Personal comments from a small farmer:
If you have a cool room (or any fly-proof cool area), and you have skinned and gutted the sheep, the meat
will improve if you can hang it for a few days. First rigor mortis sets in, then it passes and the meat becomes more tender.
If you have done a 'partial slaughter', the meat is already in pieces. With no cool room, you can put the
pieces in a set of oven pans and keep them somewhere flyproof and reasonably cool. We use an old ex-fridge.
We don't have great facilities, so we are not very ambitious about butchering. If we want chops, mince and
sausages, we send a prime lamb to the butcher for slaughter and butchering. Usually we are butchering our older partial slaughters.
We have a big chopping board which we put on the table with one of us on each side. H(usband) cuts, W(ife)
holds the meat steady. The board gets deep cuts, so it's only used for butchering. We cut the leg joints with a meat saw for the big bones, and good knives. We tried a power
reciprocating saw (hence the deep cuts in the chopping board!), but the hand operated meat saw is better.

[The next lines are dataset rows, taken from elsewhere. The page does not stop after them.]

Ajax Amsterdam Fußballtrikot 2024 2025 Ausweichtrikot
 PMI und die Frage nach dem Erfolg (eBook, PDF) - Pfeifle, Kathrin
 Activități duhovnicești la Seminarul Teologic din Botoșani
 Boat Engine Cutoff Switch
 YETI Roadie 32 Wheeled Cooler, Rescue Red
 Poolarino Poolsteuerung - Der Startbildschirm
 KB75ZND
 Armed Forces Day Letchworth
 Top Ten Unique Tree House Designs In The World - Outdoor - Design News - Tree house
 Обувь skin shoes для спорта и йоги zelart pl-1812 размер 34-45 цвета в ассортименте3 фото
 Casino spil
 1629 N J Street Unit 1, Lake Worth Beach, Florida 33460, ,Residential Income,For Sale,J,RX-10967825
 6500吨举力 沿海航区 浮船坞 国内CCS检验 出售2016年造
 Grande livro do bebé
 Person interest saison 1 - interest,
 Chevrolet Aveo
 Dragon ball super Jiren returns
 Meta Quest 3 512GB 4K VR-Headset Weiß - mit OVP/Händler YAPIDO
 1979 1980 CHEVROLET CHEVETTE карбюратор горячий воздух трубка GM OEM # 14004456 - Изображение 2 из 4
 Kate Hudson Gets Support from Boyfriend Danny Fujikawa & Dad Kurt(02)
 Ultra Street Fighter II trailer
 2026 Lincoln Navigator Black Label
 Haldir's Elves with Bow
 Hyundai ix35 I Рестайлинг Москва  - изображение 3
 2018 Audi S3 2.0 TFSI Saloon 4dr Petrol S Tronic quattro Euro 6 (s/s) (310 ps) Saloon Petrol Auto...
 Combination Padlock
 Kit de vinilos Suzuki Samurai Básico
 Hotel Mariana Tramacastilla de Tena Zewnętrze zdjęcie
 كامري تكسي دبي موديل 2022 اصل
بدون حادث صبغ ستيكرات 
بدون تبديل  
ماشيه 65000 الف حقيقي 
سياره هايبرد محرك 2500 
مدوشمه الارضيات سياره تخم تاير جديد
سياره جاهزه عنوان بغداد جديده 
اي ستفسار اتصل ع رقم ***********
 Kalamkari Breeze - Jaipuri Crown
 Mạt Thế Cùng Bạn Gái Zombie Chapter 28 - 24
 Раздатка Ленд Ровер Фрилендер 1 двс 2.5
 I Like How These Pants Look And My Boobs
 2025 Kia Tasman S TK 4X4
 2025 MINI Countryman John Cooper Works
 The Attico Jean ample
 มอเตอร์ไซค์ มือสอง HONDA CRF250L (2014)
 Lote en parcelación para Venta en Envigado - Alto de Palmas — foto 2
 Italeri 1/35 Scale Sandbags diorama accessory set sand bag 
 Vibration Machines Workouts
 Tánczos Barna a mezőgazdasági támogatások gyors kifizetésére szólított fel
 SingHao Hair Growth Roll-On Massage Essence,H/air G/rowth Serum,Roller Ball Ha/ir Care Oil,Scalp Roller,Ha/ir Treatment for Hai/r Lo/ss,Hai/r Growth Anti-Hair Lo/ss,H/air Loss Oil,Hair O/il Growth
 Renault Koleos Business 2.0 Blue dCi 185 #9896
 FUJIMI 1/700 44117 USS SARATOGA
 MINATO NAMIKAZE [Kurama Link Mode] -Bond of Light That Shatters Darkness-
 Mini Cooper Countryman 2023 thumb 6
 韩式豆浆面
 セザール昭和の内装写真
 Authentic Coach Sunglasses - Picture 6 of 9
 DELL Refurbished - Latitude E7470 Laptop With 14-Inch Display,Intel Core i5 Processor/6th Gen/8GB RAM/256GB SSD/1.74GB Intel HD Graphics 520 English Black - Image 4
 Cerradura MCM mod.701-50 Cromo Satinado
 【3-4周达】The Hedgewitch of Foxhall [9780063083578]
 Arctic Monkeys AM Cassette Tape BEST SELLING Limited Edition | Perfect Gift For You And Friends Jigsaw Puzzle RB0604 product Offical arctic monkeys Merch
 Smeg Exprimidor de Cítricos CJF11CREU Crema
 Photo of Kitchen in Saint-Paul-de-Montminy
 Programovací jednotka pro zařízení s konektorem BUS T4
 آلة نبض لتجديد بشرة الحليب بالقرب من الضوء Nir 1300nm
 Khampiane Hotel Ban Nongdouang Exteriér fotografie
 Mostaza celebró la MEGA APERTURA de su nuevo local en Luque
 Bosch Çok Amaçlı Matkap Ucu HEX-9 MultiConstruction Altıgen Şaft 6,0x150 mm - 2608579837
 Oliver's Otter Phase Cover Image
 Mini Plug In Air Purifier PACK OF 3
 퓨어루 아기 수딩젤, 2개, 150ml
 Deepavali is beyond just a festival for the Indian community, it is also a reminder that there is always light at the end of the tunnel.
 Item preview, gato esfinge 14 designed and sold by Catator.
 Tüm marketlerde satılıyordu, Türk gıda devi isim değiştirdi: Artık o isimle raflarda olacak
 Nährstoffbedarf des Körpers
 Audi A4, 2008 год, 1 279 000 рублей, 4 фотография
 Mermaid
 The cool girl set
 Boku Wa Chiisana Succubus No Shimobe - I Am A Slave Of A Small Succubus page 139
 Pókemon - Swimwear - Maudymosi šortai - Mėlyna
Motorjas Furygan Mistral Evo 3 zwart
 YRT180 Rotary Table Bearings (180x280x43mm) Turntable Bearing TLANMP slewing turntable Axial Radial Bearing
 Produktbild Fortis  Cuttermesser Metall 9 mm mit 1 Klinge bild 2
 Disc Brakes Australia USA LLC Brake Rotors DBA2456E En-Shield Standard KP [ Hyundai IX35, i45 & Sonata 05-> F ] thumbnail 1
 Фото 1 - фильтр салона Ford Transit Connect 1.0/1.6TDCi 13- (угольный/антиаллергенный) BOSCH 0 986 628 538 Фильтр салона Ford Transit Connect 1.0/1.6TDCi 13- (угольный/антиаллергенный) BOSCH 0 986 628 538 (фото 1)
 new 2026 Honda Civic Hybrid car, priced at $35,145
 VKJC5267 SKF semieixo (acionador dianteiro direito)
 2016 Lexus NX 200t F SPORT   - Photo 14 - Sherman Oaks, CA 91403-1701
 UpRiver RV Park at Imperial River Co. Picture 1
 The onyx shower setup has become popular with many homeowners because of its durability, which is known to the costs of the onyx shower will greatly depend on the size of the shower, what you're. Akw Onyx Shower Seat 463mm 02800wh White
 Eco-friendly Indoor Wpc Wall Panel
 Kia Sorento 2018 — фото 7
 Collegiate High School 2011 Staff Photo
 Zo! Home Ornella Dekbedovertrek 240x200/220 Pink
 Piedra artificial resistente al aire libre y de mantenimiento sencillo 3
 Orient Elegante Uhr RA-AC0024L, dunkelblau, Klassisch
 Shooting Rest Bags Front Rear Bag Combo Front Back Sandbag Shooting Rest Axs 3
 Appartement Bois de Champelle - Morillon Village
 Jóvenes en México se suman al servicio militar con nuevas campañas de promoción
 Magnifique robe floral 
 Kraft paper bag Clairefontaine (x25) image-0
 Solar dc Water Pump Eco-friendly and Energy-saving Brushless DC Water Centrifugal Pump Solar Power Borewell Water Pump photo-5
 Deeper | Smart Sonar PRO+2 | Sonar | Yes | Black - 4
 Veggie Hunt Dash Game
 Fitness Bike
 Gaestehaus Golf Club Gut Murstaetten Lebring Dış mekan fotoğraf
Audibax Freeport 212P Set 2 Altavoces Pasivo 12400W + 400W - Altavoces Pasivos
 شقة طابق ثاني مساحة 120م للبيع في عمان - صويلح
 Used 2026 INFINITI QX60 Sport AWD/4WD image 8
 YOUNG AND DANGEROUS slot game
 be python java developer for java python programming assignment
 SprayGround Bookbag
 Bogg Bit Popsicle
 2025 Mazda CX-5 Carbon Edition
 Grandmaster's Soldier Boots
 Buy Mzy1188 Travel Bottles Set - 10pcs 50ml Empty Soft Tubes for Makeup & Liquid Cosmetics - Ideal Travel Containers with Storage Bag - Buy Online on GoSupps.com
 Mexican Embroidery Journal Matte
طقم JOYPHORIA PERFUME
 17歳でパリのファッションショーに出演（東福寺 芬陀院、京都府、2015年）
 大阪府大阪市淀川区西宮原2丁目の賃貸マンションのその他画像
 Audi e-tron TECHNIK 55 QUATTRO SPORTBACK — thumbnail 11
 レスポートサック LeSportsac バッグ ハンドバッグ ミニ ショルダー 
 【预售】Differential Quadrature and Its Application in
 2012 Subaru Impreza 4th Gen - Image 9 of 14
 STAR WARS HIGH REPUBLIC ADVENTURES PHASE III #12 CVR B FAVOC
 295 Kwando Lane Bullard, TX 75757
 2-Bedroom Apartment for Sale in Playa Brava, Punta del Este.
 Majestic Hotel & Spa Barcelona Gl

With each leg, we cut off the shank and then cut the leg in half for a roast/ slow cooking joint. All the
shanks are frozen together, and we freeze each half leg joint separately. If we have visitors, we cook two joints. With the strips and chunks, W usually dices them and either
freezes portions of diced meat, or slow cooks them and then freezes meal portions for stews and pies.